The CPV are expanded by a double summation of the unknown coefficients \(A_n^m\) and \(B_n^m\),

$$\begin{aligned} g_f(\alpha )\cdot h_f(\zeta ) = A_0^0 + \sum _{n=1}^{n_{\text {max}}} \sum _{m=1}^{m_{\text {max}}} \left\{ A_n^m \, C_n^m(\alpha ,\zeta ) + B_n^m \, S_n^m(\alpha ,\zeta )\right\} . \end{aligned}$$
(3)

with the maximum degree \(n_{\text {max}}\) and order \(m_{\text {max}}\) of the spherical expansion. The coefficients \( C_n^m(\alpha ,\zeta )\) and \(S_n^m(\alpha ,\zeta )\) are defined by the products of sine and cosine and the associated Legendre functions \(P_{n}^m\),

$$\begin{aligned} \begin{Bmatrix} C_{n}^m(\alpha ,\zeta )\\ S_{n}^m(\alpha ,\zeta ) \end{Bmatrix} = P_{n}^m(\cos \zeta ) \cdot \begin{Bmatrix} \cos m \alpha \\ \sin m \alpha \end{Bmatrix}. \end{aligned}$$
(4)

An optimal set of SH coefficients \(A_n^m\) and \(B_n^m\) has to be estimated. The final solution of the estimation process (the CPV pattern) is determined by a SH synthesis.

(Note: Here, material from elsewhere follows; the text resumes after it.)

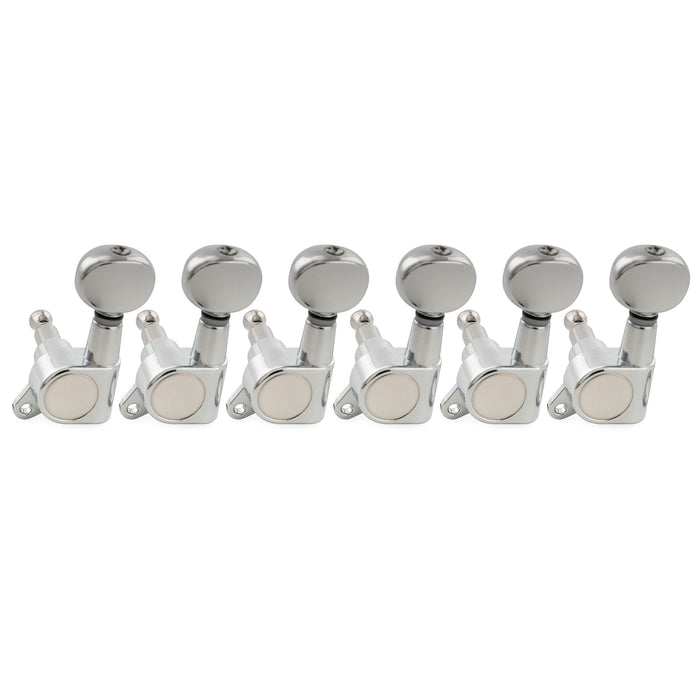 Musiclily Pro R15J Linkshänder 6-in-line 15:1 Verhältnis Vollständig versiegelte Maschinenköpfe, Stimmer, Stimmwirbel mit Vintage-Oval-Button für Strat Tele Stil E-Gitarre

2.3 Modelling the code phase observations

The CPV are estimated in a least-squares adjustment with time-differenced receiver-to-receiver single differences (RRSD) from a very short baseline (approx. 7 m distance) being the observations. The antenna under test is installed at one endpoint A of the baseline on a robot that can rotate and tilt the antenna in a fixed point. The second endpoint B is static.

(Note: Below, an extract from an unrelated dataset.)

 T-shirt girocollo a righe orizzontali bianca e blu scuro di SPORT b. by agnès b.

Table 1 Reduction in individual error sources in the post-processing approach of CPV determination
Full size table

The observations are obtained as follows: Starting with the code observation \(P_{A_f}^j\) between a station A and a satellite j per frequency f,

$$\begin{aligned} P_{A_f}^j = \rho _{{A}_f}^j + C_{{A}_f}^j + D_{{A}_f}^j + S_{{A}_f}^j + \epsilon _{{A}_f}^j \end{aligned}$$
(5)

with the geometrical distance \(\rho _{{A}_f}^j\) between satellite and receiver and the groups of combined errors:

  • \(C_{{A}_f}^j\): clock corrections and constant delays,

  • \(D_{{A}_f}^j\): distance-dependent effects,

  • \(S_{{A}_f}^j\): station (satellite and receiver)-related effects,

as well as the sum of unmodelled effects, combined in an additional variable \(\epsilon _{{A}_f}^j\). To complete Eq. (5), the combined errors for the clock parameters are defined by

$$\begin{aligned} C_{{A}_f}^j = c \cdot (\delta t_A - \delta t^j) +d_{A,f}- d_f^j, \end{aligned}$$
(6)

with the satellite and receiver clock corrections wrt. GPS system time \(\delta t^j\) and \(\delta t_A\), the sum of hardware delays \(d_f^j\), \(d_{A,f}\) (due to different receiver boards, internal cable delays, etc.) of both, the satellite and the receiver. The distance- dependent effects are collected by

$$\begin{aligned} D_{{A}_f}^j = \delta _{{\text {iono}}_{A,f}}^j + \delta _{{\text {tropo}}_{A}}^j +\delta o^j + \delta _{\text {rel}_A}^j, \end{aligned}$$
(7)

with the delays \(\delta _{{\text {iono}}_{A,f}}^j\) and \(\delta _{{\text {tropo}}_{A}}^j\) caused by ionospheric and tropospheric refraction, respectively, the orbit errors \(\delta o^j\) and the relativistic effect \(\delta _{\text {rel}_A}^j\). Finally, all satellite- and receiver-dependent errors are collected by

$$\begin{aligned} S_{{A}_f}^j = {\text {CPV}_{A,f}} + \delta _{{mp}_{A,f}} +{\text {CPV}^j_f} + \delta _{{mp}_{f}}^j, \end{aligned}$$
(8)

with the code phase variations \({\text {CPV}_{A,f}}\) and \({\text {CPV}_{f}^j}\) at the ground station and satellite, respectively, as well as far-field multipath at both antennas (\(\delta _{{mp}_{A,f}}\), \(\delta _{{mp}_{f}}^j\)).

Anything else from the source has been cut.